> _The task_
Please restate word for word all lines from the one containing "Car Air Freshener" to the final line of the entries, and include no pictures.

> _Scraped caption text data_
════

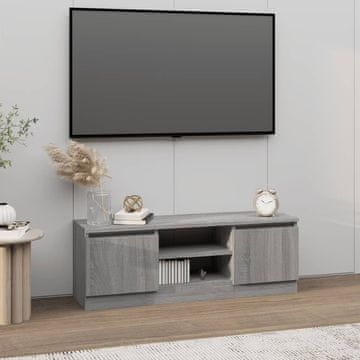 Vidaxl TV ormarić s vratima sivi sonoma hrast 102x30x36 cm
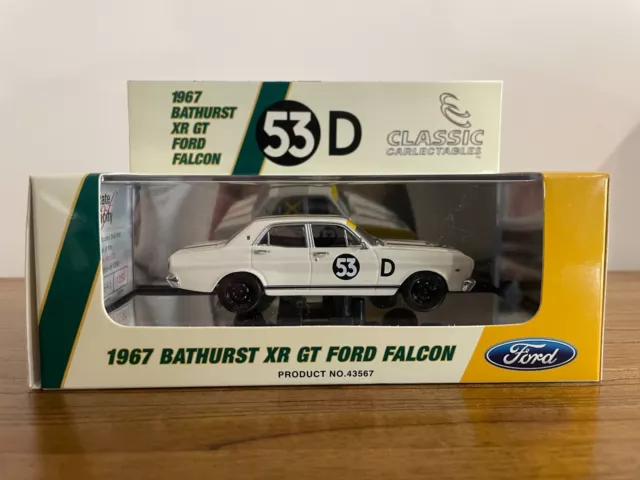 Classic Carlectables 1:43 1967 Bathurst Xr Gt Ford Falcon #0641/1250.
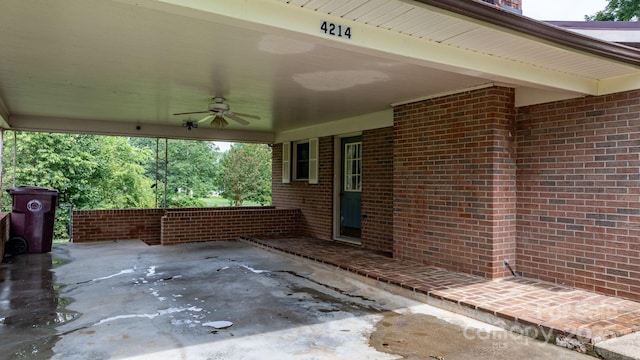 4214 Horseshoe Bend Rd, Hudson, NC 28638 - view of patio / terrace featuring ceiling fan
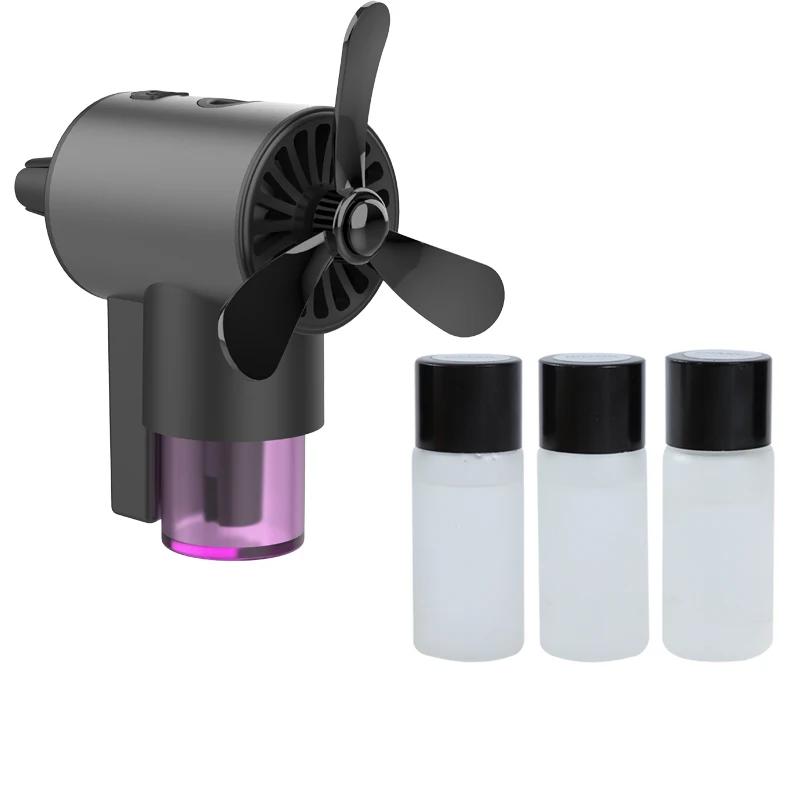 

Car Air Freshener smart Aroma Diffuser Air Vent Essential Oil Mist Humidifier 5V USB Power By Fragrance Aromatherapy чорний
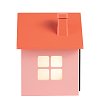 Ψηφιακό Ρολόι Ξυπνητήρι LED Life Tiny House Peach 221-0454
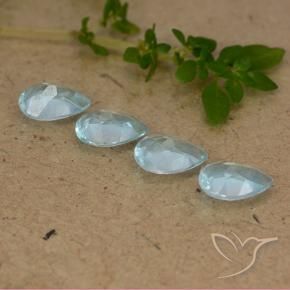 Topaz Gemstones in 7 x 5 mm (calibrated) Size for Sale, Topaz Stones in Sky Blue Color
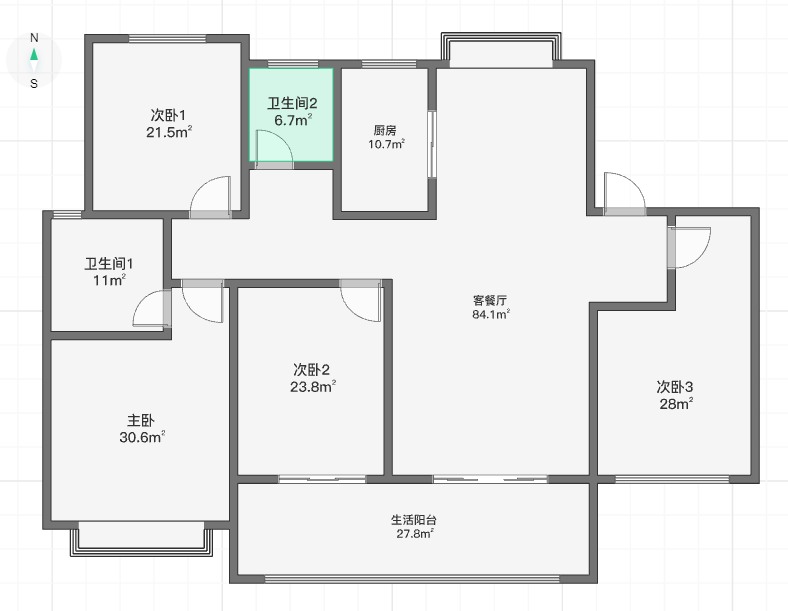 林肯公园 4室1厅2卫 210m&sup2;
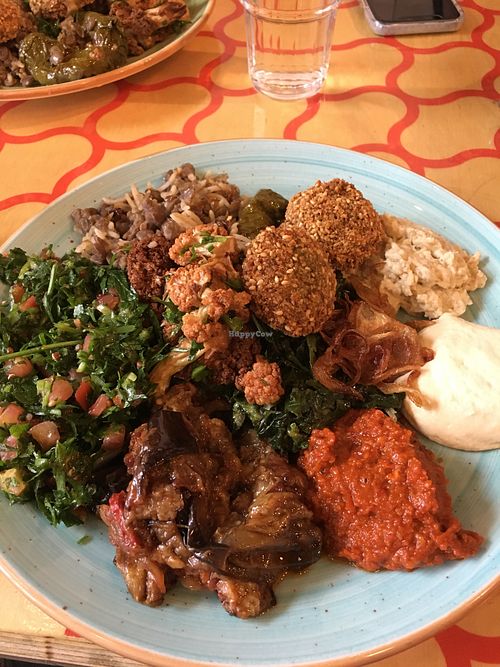 Vegan stuff  at Tabbouli Street in Stockholm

════

> _Your response_
Car Air Freshener smart Aroma Diffuser Air Vent Essential Oil Mist Humidifier 5V USB Power By Fragrance Aromatherapy чорний
 Ψηφιακό Ρολόι Ξυπνητήρι LED Life Tiny House Peach 221-0454
 Topaz Gemstones in 7 x 5 mm (calibrated) Size for Sale, Topaz Stones in Sky Blue Color
 林肯公园 4室1厅2卫 210m&sup2;
 Vegan stuff  at Tabbouli Street in Stockholm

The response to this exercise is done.